In summary, the given procedure generates a random variable X with equal probabilities for both outcomes (0 and 1), as shown by P(X=0) = P(X=1) = p*(1-p). The proposed simpler procedure, which continues flipping the coin until the last two flips are different and sets X=0 if the final flip is a head or X=1 if it is a tail, also provides equal probabilities for X=0 and X=1 and can be used as an alternative.

Step-by-step solution

Understanding the given procedure

The given procedure consists of the following steps: 1. Flip the coin and record the result (0₁). 2. Flip the coin again and record the result (0₂). 3. If both results are the same, repeat steps 1-2. 4. If 0₂ is heads, set X=0. If 0₂ is tails, set X=1. Now, let's analyze this procedure.

Finding probabilities

We have two outcomes for each flip, heads (H) and tails (T): - First flip: \(0_{1}\) = H with probability p; \(0_{1}\) = T with probability (1-p). - Second flip: \(0_{2}\) = H with probability p; \(0_{2}\) = T with probability (1-p). The pairs of outcomes for both flips are: (HH), (HT), (TH), (TT). Their probabilities are: - P(HH) = p*p = \(p^2\) - P(HT) = p*(1-p) - P(TH) = (1-p)*p = p(1-p) - P(TT) = (1-p)*(1-p) = \((1-p)^2\) According to the given procedure, we only consider the cases where the outcome of two flips are different (HT or TH). So, let's calculate P(X=0) and P(X=1) using the probabilities of these cases.

Probabilities of X

Based on the procedure: - X = 0 when \(0_{2}\) is heads, i.e., the pair is (HT). - X = 1 when \(0_{2}\) is tails, i.e., the pair is (TH).

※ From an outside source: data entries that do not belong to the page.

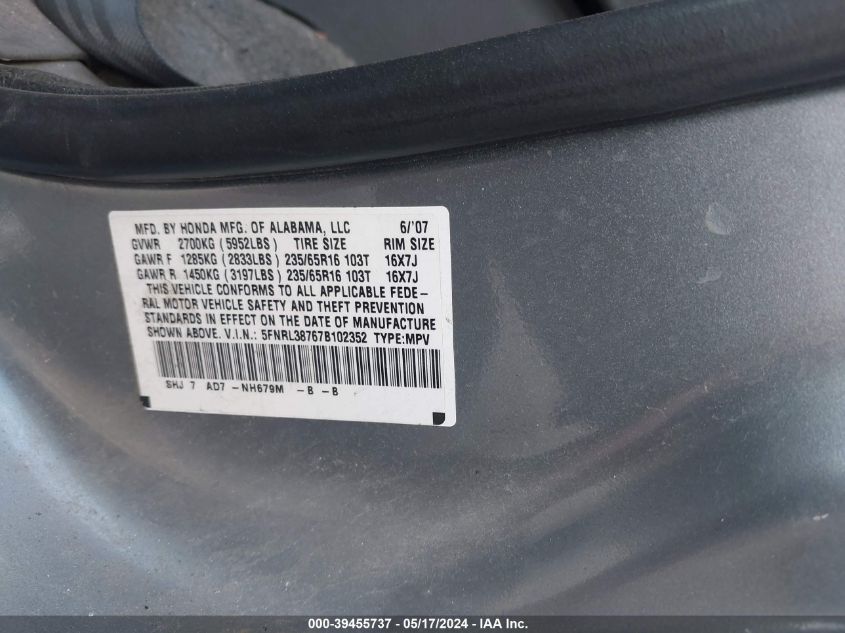 2007 Honda Odyssey Ex-L VIN: 5FNRL38767B102352 Lot: 39455737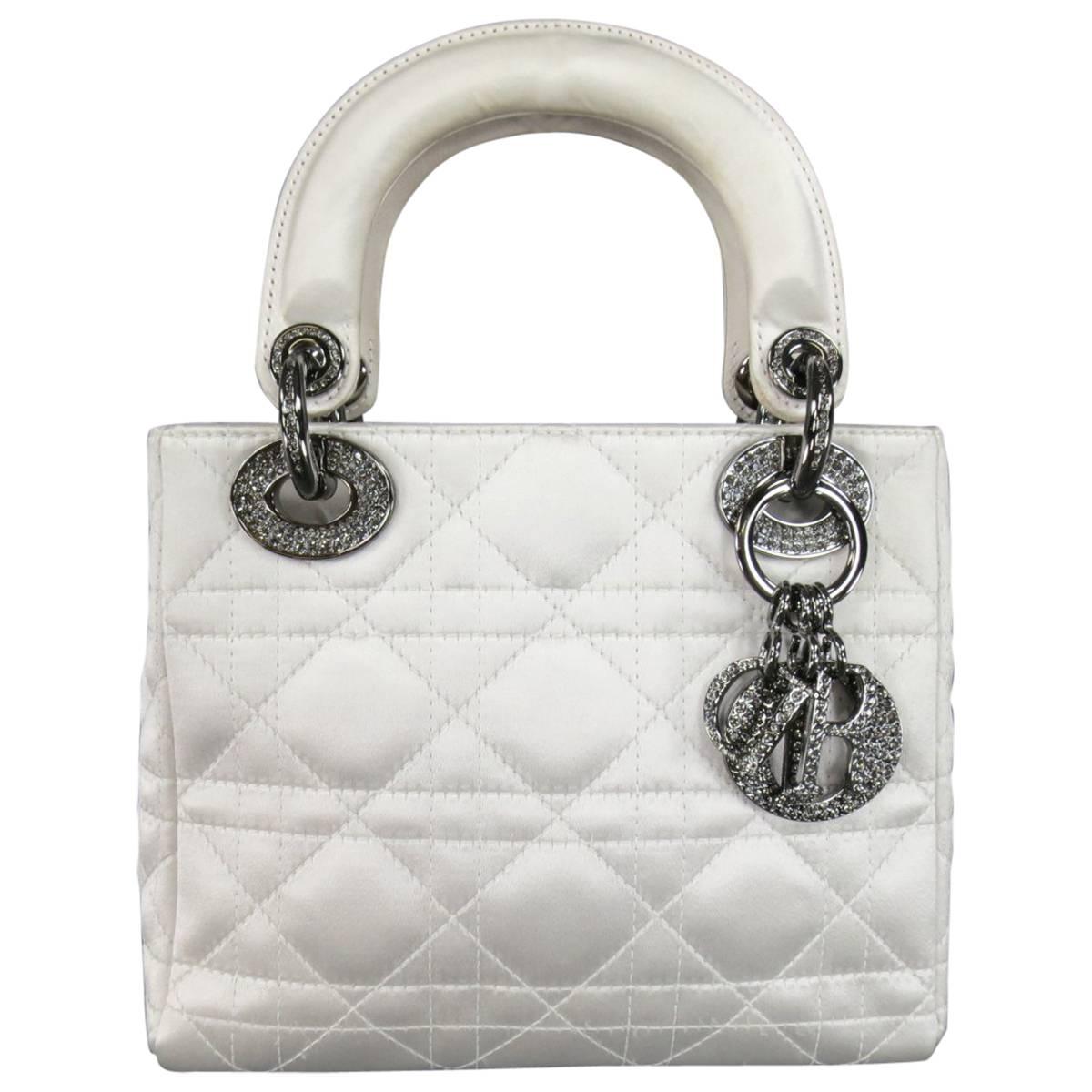 CHRISTIAN DIOR White Cannage Silk Satin Crystal Hardware Mini Lady Dior Bag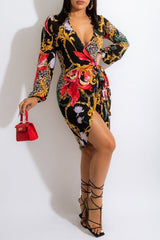 Multicolor Casual Print Frenulum V Neck Long Sleeve Dresses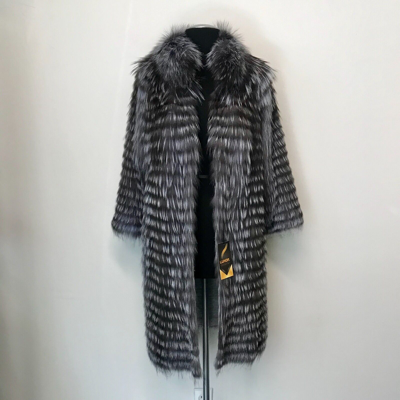 Pre-owned Luxor Leathers And Furs Luxury Striped Real Silver Fox Fur Coat Jacket Parka / Luxor Leathers & Furs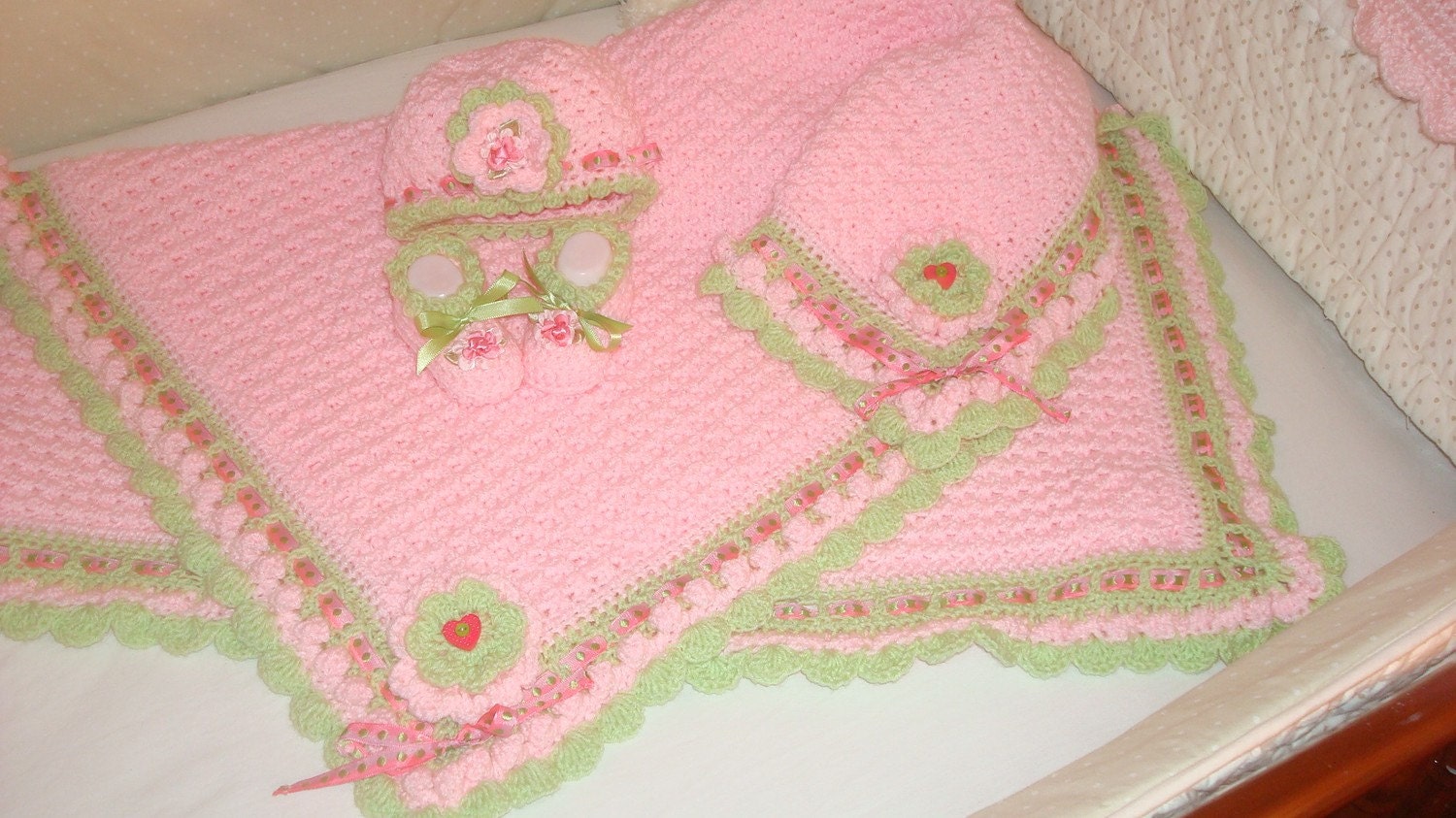 Pink and Green Layette Set
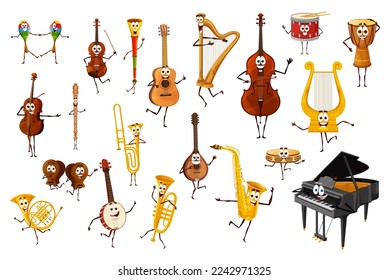 cartoon musical instrument characters and personages. Vector maracas, violin, guitar and vuvuzela, harp, double bass or grand piano. Castanets, tambourine, saxophone and banjo with trumpet or flute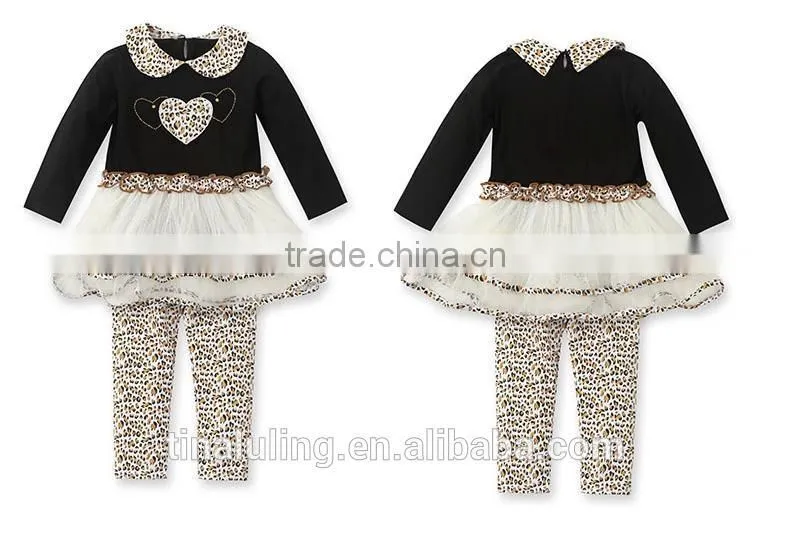 Wholesale clothing baby clothes New Arrival baby girls boutique leopard heart shap dress with leggings 2pcs outfits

So, - P(X=0) = P(HT) = p*(1-p) - P(X=1) = P(TH) = p*(1-p) As we can see, the probabilities of X = 0 and X = 1 are equal. Now let's analyze the simpler procedure proposed in (b).

Simpler procedure

The simpler procedure suggests to continue flipping the coin until the last two flips are different, and then set X=0 if the final flip is a head, and set X=1 if it is a tail. We must show that this procedure also returns equal probabilities for X = 0 and X =1. Let's consider the sequence of flips: - If the first two flips are already different (HT or TH), we immediately have equal chances for X, as shown above. - If the first two flips are the same (HH or TT), we continue flipping: - If the first two flips were HH, then P(HT)=p*(1-p). As before, HT defines X=0, and we do not proceed further with TH because the first two flips were not different. - If the first two flips were TT, then P(TH)=p*(1-p). As before, TH defines X=1, and we do not proceed further with HT because the first two flips were not different. The proposed simpler procedure also satisfies the condition of equal probabilities for X=0 and X=1, so it can be used as an alternative.